As Professor Hills earlier noted, it does not violate the Constitution for a college to VOLUNTARILY use the "preponderance-of-the-evidence" standard, rather than the higher "clear and convincing evidence" standard, for student and faculty discipline.

But ORDERING schools to reduce the burden of proof to the preponderance standard from the traditional clear-and-convincing standard was nevertheless beyond the Obama administration's authority, and its "guidance" mandating that reduction should be declared void.

Once upon a time, most colleges used a "clear and convincing" evidence standard in student and faculty discipline cases of all types (not just harassment or rape). As James Picozzi noted in 1987 in the Yale Law Journal, "Courts, universities, and student defendants all seem to agree that the appropriate standard of proof in student disciplinary cases is one of 'clear and convincing' evidence." (James M. Picozzi, University Disciplinary Process: What’s Fair, What’s Due, and What You Don’t Get, 96 Yale L. J. 2132, 2159 n. 17 (1987); see also Nicholas Trott Long, The Standard of Proof in Student Disciplinary Cases, 12 J. College & U.L. 71 (1985)).

As of 2011, most Ivy League universities still used the clear-and-convincing standard. But in an April 4, 2011 "Dear Colleague" letter that purported to merely restate existing Title IX law on this issue, the Education Department insisted that colleges stop using the "clear and convincing" evidence standard and instead use the "preponderance" standard instead.

The Education Department’s reasoning for imposing a low 'preponderance' standard on campus disciplinary proceedings was that this 'is the standard of proof established for violations of civil-rights laws' in lawsuits brought in federal court. Therefore, it claimed, preponderance must also be 'the appropriate standard for' schools to use in "investigating allegations of sexual harassment or violence.'"

It is completely true, and completely irrelevant, that the preponderance of the evidence standard applies in lawsuits in general, as well as civil-rights cases. But that burden of proof applies to whether the school violated Title IX by behaving inappropriately, not whether students or staff engaged in harassment. Students cannot violate Title IX; only schools can be sued under Title IX, not individuals. (See, e.g., Smith v. Metropolitan School District (1997).) Moreover, Students "are not agents of the school," so their actions don’t count as the actions of the school.

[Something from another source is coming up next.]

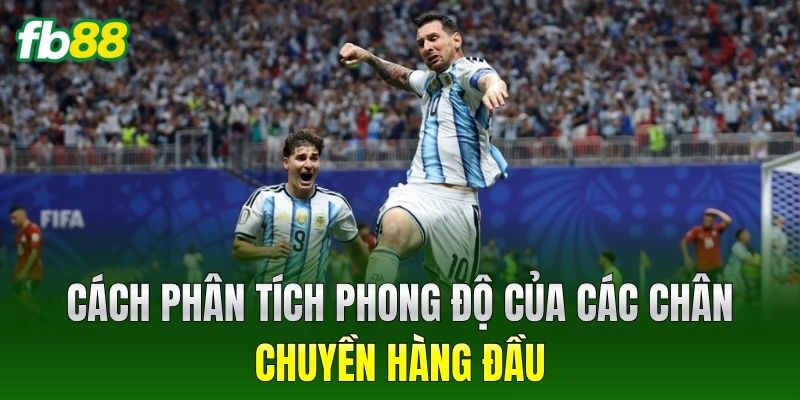 Cách phân tích phong độ của các chân chuyền hàng đầu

The mere existence of harassment by students isn’t enough for liability under Title IX. More is required. The school’s own actions in response to the harassment must be culpable. As the Education Department admitted in its 1997 "Sexual Harassment Guidance," "Title IX does not make a school responsible for the actions of harassing students, but rather for its own discrimination in failing to remedy it once the school has notice." (62 FR 12034 (1997)). So to violate Title IX, an institution’s own actions must be proven culpable under a "preponderance" standard — not the mere occurrence of harassment.

Since an institution itself must behave in a culpable fashion, not just the accused harasser, federal courts have held that there is no violation of the civil rights laws even if harassment occurs, as long as the institution investigates in good faith in response to the allegation of harassment. That’s true even if the institution ultimately refuses to discipline a harasser based on the reasonable belief that he is innocent, after applying a firm presumption of innocence.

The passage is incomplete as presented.